I am partial to the LC as I now have 2.  Kaiya has not been difficult at all as far as grooming and rarely gets anything stuck to her coat, but she is not typically as long coated as others I've seen. Achilles, I think, will have a much longer coat, so I will probably see those issues down the road.


----------



## fuzzybunny (Apr 29, 2011)

I have a plush-coat Shiloh and he's a real pain to clean when he gets dirty. When I bathe him after he gets muddy the dirt just keeps coming. My female is a smooth coat and I can get her all clean in about 5 minutes whereas he takes about 15-20 minutes. I think I'm going to stick with smooth coats from now on.


----------



## FG167 (Sep 22, 2010)

I prefer short coats - I prefer wash-and-wear dogs overall. I think the long coats are gorgeous but definitely not for me!


----------



## lisgje (Sep 3, 2010)

Have had both, both shedded about the same. However, I truly loved snuggling with my long haired, Shane, like a big plush pillow! And his tail was truly beautiful!


----------



## prophecy (May 29, 2008)

I have 2 of my sheppies who are longer coated.Pip and Mischa.

Mischa is a long stock coat(has both gaurd hairs and undercoat)

Pip is a shiloh shepherd/german shepherd mix.She is a lot like Mischa in her coat,though her gaurds are more ''course'' in feel and her hairs on the top part of her butt are curly.lol

Honestly,Mischa and Pip shed LESS than Beep,my showline stock coat.

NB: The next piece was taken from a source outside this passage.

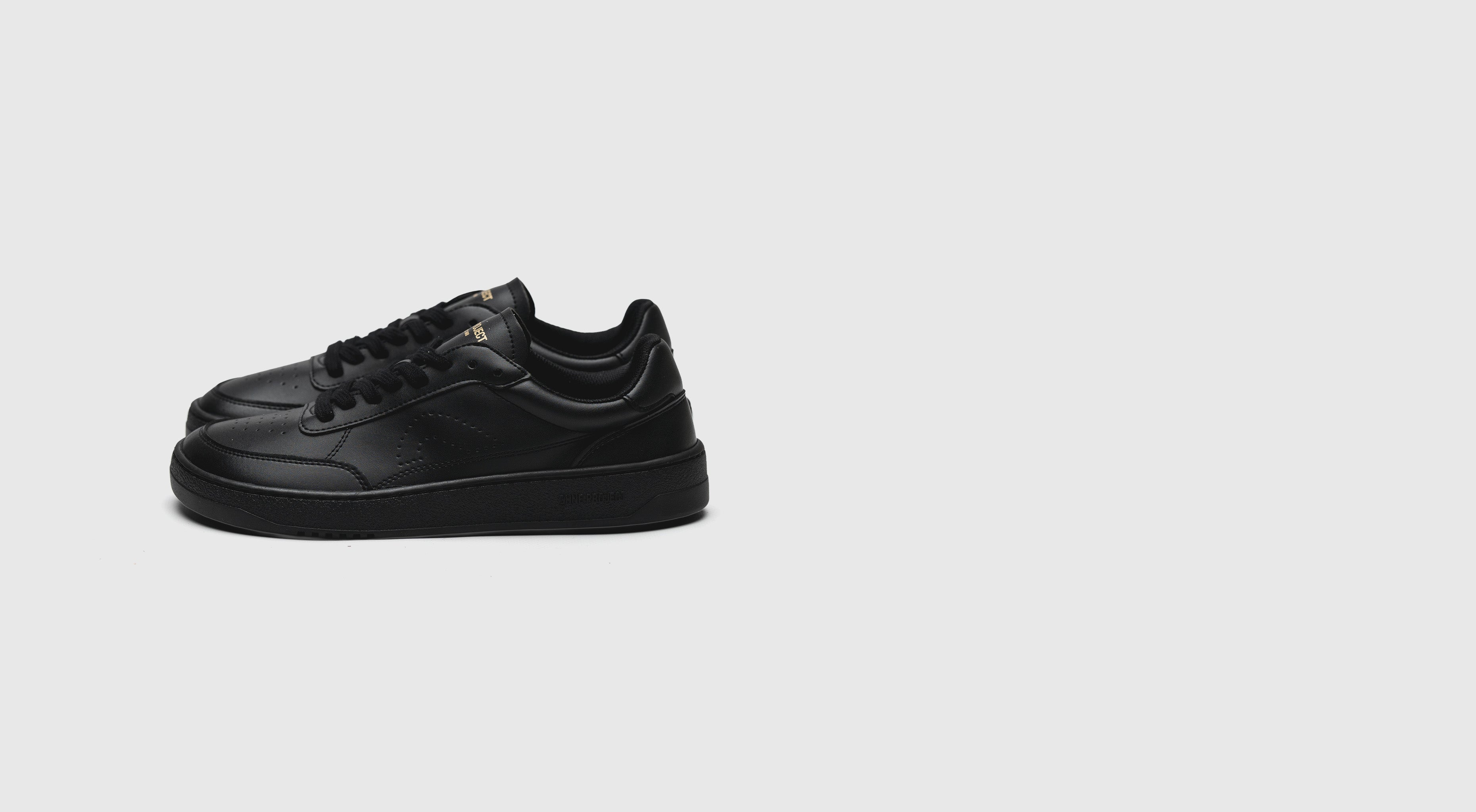 入手不可能新品、未使用solol-todopasa model (Black) Barefoot Sneaker Project 060 All Black | OHNE PROJECT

Neither mischa or pip seem to have any trouble with stuff getting stuck in the coat,and they dry VERY fast when wet,even when soaked to the skin.The wicking ability of the coat is actually better than that of Beep's coat.FeNyx is still in puppy coat so only time will tell.She is more of a working line pup,with mostly american work lines with some DDRs back in her ped.I do know her puppy coat is very tight and really really dense.


----------



## IntheDawgHaus (Nov 11, 2010)

I've had long, short, plush. They all seem to leave dust bunnies.


----------